A short review by Lusi Lukova
With her debut solo show Pansy at Nationale, painter and installation artist Michelle Blade melds iconic imagery and unruly mediums to demonstrate the unpredictability of painting. Pulling from the biblical narrative of Adam and Eve in the Garden, Blade focuses her artistic energies on Eve, and other feminine mediations of her spirit in these new works. In an attempt to explore the feminine relationship to the land, to knowledge, and to a sense of community, these pieces evoke an almost illustrative and magical quality. Each of these paintings depict large-scale scenes of the garden and the earth in dreamy shades of pinks, blues, and yellows. In the traditional narrative, Eve is scorned for her defiance. However, in Pansy, the expectations are reversed and the unforeseen beauty and strength of the feminine are revered. Just as humans are unpredictable and far from foolproof, in each of these paintings Blade explores a personal coming to terms with how perhaps it was a woman’s doing that set the path forward to everything else but perfection. As a result, Blade navigates our attention to the particular synchronicity humans share in the creation of everything in our immediate and tangible worlds.
The works presented are all painted on satin, a new format of expression both for Blade and for this historical imagery. The artist deems the material “alive” in that it shifts with each stroke of the brush. Unruly and independent, much like Eve herself, the satin allows the paint to bleed in unprecedented ways, the acrylic ink becoming so fluid that it resembles watercolors over anything else. Due to its sheer nature, it also allows for light to leak through in a similar fashion, adding an ethereal, almost divine luminosity to the works.
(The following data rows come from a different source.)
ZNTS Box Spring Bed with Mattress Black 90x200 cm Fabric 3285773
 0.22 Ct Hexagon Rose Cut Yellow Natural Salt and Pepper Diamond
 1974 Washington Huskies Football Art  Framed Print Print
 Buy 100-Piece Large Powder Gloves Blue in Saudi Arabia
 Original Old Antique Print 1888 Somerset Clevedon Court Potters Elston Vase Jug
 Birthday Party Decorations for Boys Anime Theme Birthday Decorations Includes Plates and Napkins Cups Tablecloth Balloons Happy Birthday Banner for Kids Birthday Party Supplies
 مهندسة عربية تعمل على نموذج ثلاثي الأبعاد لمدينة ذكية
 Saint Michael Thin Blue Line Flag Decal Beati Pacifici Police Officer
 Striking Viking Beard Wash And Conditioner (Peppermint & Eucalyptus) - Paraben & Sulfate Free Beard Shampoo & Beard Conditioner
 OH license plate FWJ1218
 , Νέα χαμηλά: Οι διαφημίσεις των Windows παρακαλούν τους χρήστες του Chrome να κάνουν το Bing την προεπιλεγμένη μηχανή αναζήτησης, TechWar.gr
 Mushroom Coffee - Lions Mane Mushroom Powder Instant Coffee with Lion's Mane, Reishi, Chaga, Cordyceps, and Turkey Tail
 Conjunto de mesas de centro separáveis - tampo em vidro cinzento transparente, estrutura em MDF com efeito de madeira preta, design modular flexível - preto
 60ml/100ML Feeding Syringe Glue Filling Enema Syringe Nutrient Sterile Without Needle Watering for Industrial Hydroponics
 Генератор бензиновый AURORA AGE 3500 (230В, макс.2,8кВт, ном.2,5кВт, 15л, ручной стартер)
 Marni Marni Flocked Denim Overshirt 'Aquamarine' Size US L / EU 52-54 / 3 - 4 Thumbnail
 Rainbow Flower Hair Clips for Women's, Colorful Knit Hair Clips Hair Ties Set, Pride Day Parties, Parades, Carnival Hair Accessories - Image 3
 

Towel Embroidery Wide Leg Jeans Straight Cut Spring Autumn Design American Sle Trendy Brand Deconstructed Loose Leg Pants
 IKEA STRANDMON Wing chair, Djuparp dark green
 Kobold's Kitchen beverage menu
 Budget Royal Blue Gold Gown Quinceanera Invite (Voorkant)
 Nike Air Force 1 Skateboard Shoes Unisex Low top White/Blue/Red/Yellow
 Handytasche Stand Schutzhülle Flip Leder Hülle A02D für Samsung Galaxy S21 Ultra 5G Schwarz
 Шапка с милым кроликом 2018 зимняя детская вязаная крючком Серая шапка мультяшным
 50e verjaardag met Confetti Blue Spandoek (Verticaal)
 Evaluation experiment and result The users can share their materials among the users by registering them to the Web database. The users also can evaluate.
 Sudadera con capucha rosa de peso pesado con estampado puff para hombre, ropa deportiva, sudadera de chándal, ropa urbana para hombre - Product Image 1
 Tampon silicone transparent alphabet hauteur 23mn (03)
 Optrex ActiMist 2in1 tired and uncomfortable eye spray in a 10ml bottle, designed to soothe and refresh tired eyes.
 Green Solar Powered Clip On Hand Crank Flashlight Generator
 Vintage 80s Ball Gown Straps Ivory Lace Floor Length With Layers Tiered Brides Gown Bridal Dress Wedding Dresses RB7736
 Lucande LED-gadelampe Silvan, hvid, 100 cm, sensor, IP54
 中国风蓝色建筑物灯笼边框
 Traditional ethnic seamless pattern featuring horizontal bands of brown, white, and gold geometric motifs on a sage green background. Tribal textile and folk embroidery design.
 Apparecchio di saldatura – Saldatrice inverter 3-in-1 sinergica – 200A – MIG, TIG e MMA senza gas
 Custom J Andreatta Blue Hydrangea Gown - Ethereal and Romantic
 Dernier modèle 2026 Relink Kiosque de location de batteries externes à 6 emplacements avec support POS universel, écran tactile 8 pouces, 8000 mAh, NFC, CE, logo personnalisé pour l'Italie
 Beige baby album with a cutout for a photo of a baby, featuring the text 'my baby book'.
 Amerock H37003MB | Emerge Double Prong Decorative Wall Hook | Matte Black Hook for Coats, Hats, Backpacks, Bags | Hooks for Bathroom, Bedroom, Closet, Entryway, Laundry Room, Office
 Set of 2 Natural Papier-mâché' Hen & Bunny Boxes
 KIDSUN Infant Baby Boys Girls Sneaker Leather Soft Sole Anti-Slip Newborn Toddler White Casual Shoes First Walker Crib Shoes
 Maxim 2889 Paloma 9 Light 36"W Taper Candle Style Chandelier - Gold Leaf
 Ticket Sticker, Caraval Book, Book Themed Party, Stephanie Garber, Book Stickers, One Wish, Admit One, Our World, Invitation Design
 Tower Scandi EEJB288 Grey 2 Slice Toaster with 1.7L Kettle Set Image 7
In the bleeding of the ink, there form abstractions which we can liken to a physical representation of the mysteries of the universe. Presented as meditations on beauty and the natural world, works like Pansies, in which a woman is communing with a snake, are overt in their symbolism while coyly presenting a duality of the female. She may give in to speaking with the snake, but she is also fearless for doing so. As a whole, this exhibition questions these historically gendered tropes and ultimately comes to the conclusion that perfection is not to be neither expected, nor exalted.
Michelle Blade’s Pansy is on view through June 4th, with a print release and closing reception on June 2nd, from 12-2pm.